Yolo V4 is the most recent version of the Yolo series algorithm, which was released by [36] in 2020. The Yolo V4 structure is composed of three parts: (1) the backbone (CSPDarknet53 [37]), (2) the neck (SPP [38] and PAN [39]), and (3) the head (Yolo V3) [40]. Yolo V4 makes use of a Mish [41] activation function in the backbone of the program. Wang and colleagues [42] redesigned the Yolo V4 to obtain the Yolo V4-tiny in order to achieve the optimal speed/accuracy tradeoff. A cross-stage partial network (CSPNet) was constructed in order to attribute the problem to the presence of duplicate gradient information within the context of network optimization. Using network optimization, it is possible to reduce the complexity of the optimization while preserving accuracy [43,44]. The Focus module, the CBL module, the CSP module, the SPP module, the Concat module, and the Upsample module are the major components of the Yolo V5 network. Furthermore, there are four different network models available with Yolo V5, which are Yolo V5S, Yolo V5M, Yolo V5L, and Yolo V5X. CSP and SPP were used in conjunction with Densenet, Resnet 50, and Yolo algorithms in our research.

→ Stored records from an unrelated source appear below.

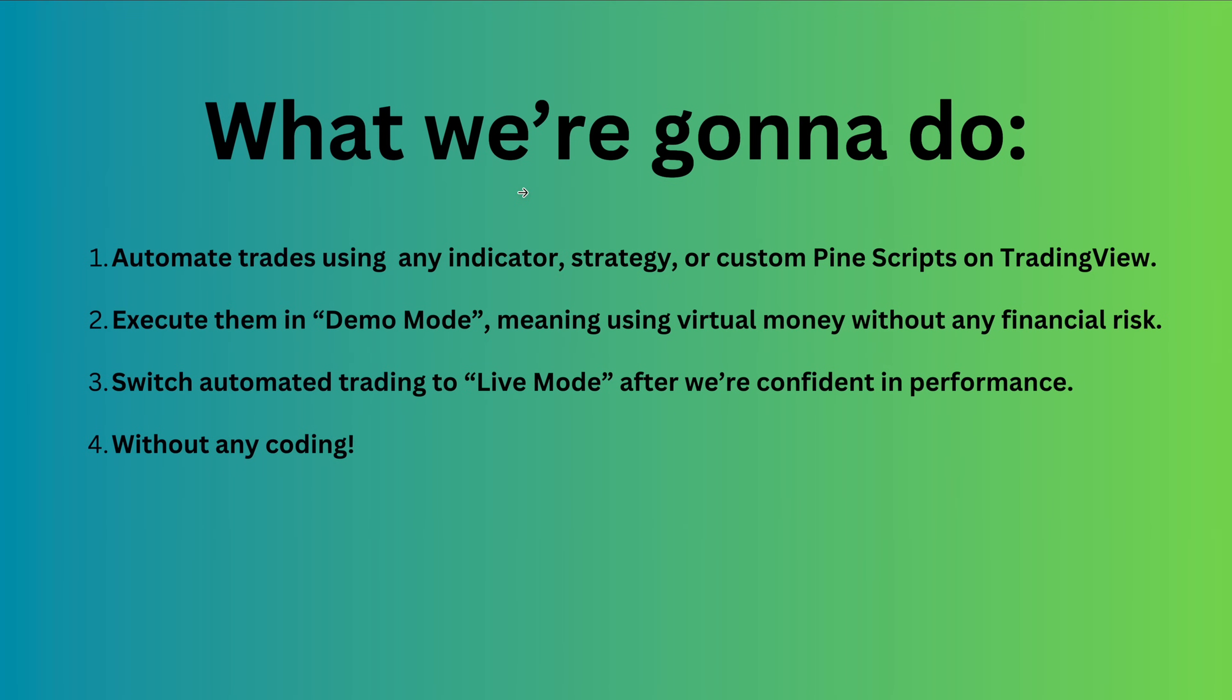Hello, everyone. In this video, I'll show you how to automate trades using any TradingView indicator or Pinescript in demo mode. This means we can test if the strategies work using virtual funds, and once we're confident in their performance, we can switch to live mode to trade with real money. And it's all done without any coding.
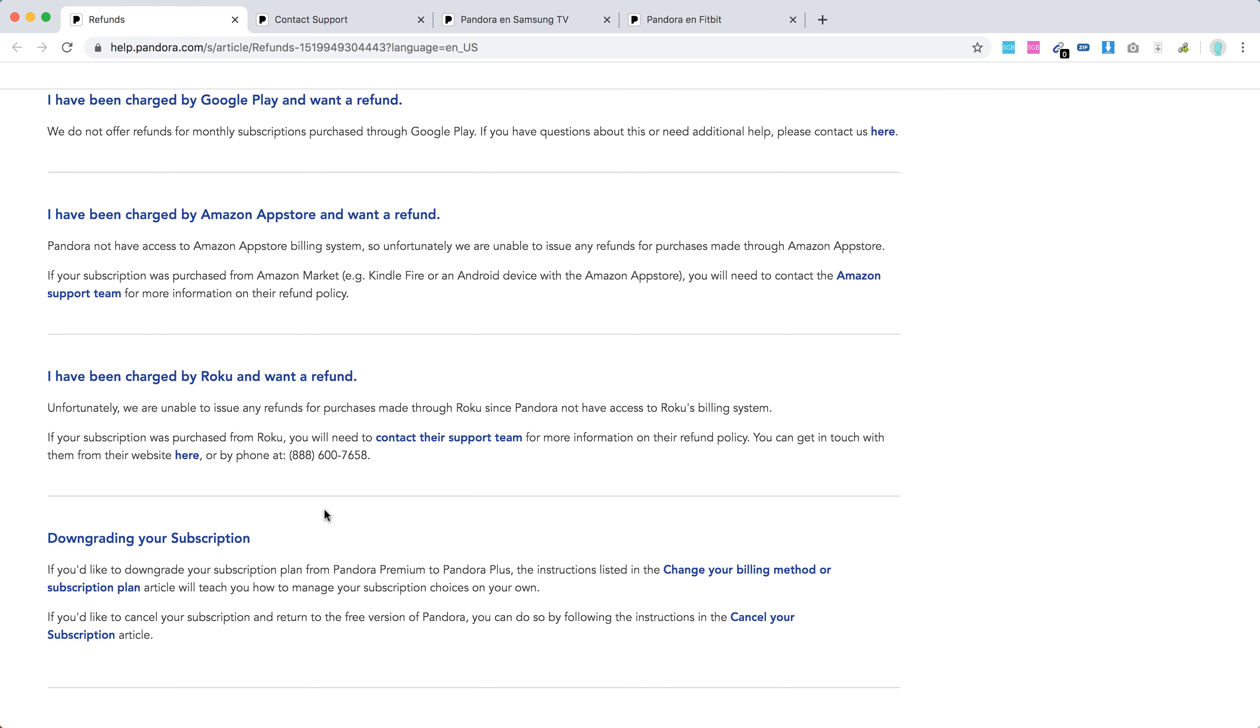For Google Play, they don't offer refunds for monthly subscriptions. For Amazon, you need to go to their support. For Roku, it's the same - you can also downgrade your subscription.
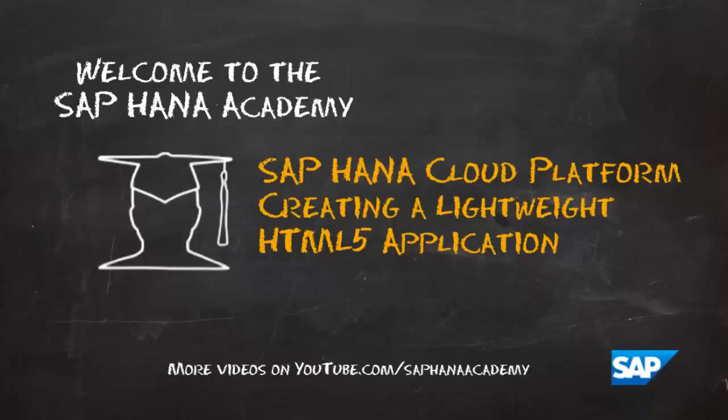Hello and welcome to the SAP HANA Academy. My name is Jamie and in this video we're going to create a lightweight HTML5 application in the HANA Cloud platform.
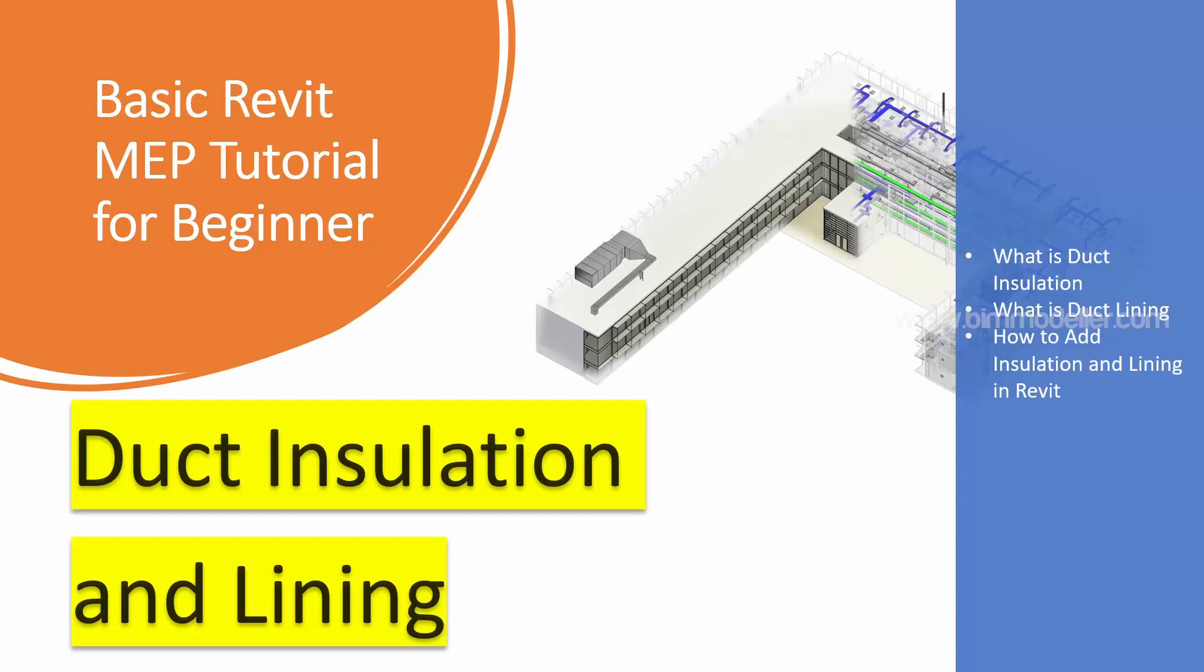Hello everyone, welcome to BIMmodeler. This is Raj. In this video tutorial, you will be learning duct insulation and lining.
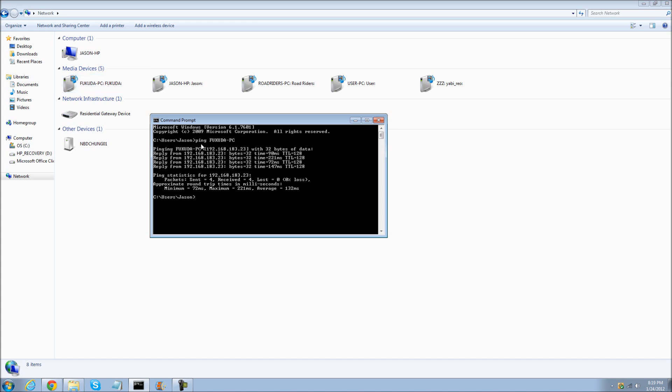You need to type in ping and their computer name right here. It will say reply from that. That there is your IP address. Their IP address. 192.168.193.23.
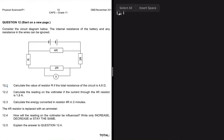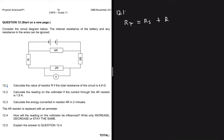12.1 says calculate the value of resistor R if the total resistance of the circuit is 4.8 ohms. We know that R total is equal to the resistance in series plus the resistance in parallel. A resistor is in series only if it gets undivided current — if it gets I total, it is in series.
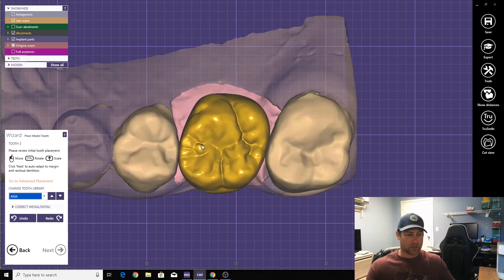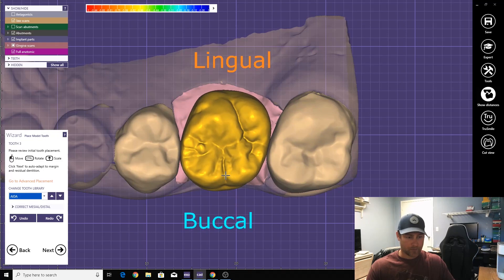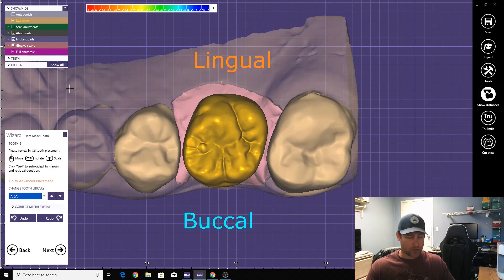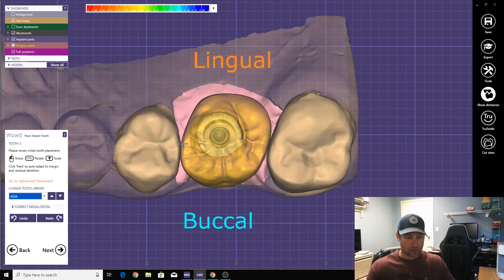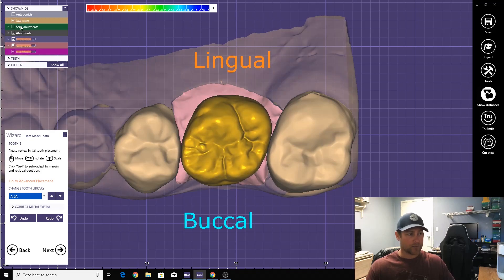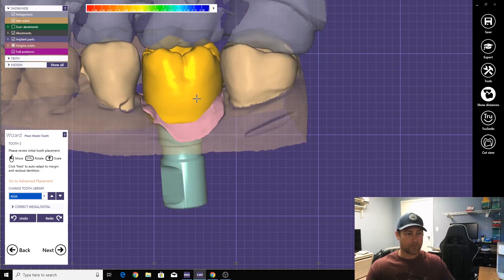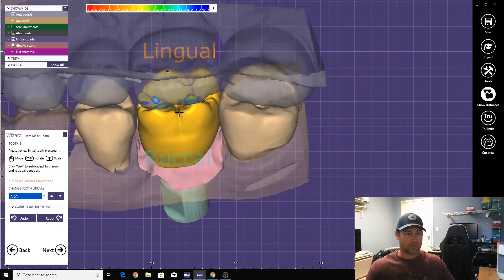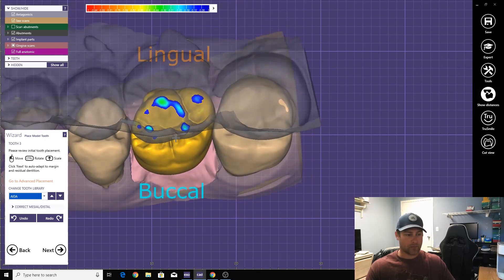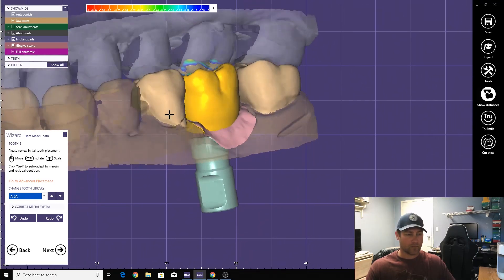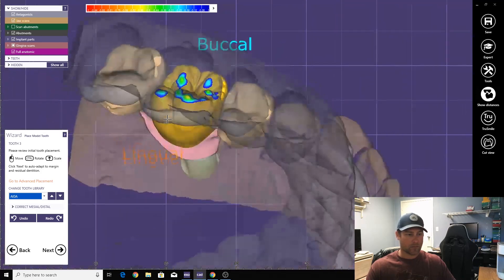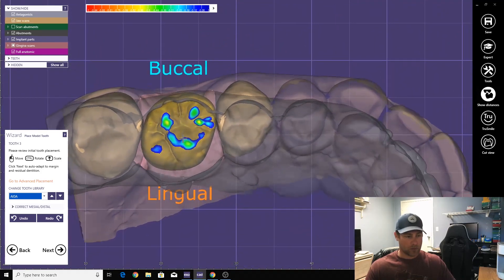So let's place the tooth exactly where we want. Keep in mind where the implant is. It's always going to be a little bit smaller around.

In total, we evaluated nine distinct model combinations through the experiment.

2.3. Cross-Stage Partial (CSP) Network and Spatial Pyramid Pooling (SPP)

Yolo V4, an object detection system based on CSP [42], was offered as a new approach to object detection. We present a network scaling strategy that alters not only the depth, width, and resolution of the network, but also the network’s structure, resulting in the construction of Scaled-Yolo V4 in this research. Yolo V4 is a real-time object detection system that runs on a general-purpose GPU. Wang et.al [42] redesigned Yolo V4 to obtain Yolo V4-CSP for the best speed/accuracy tradeoff. CSP is the Yolo-V4 backbone network used to improve the learning capacities of CNN while simultaneously reducing the computing bottleneck and memory cost. It is also lightweight, allowing it to be deployed anywhere [45,46]. CSP blocks were applied in this paper to the DarkNet53 network, and a CSP model with Densenet, Resnet, and Yolo was constructed.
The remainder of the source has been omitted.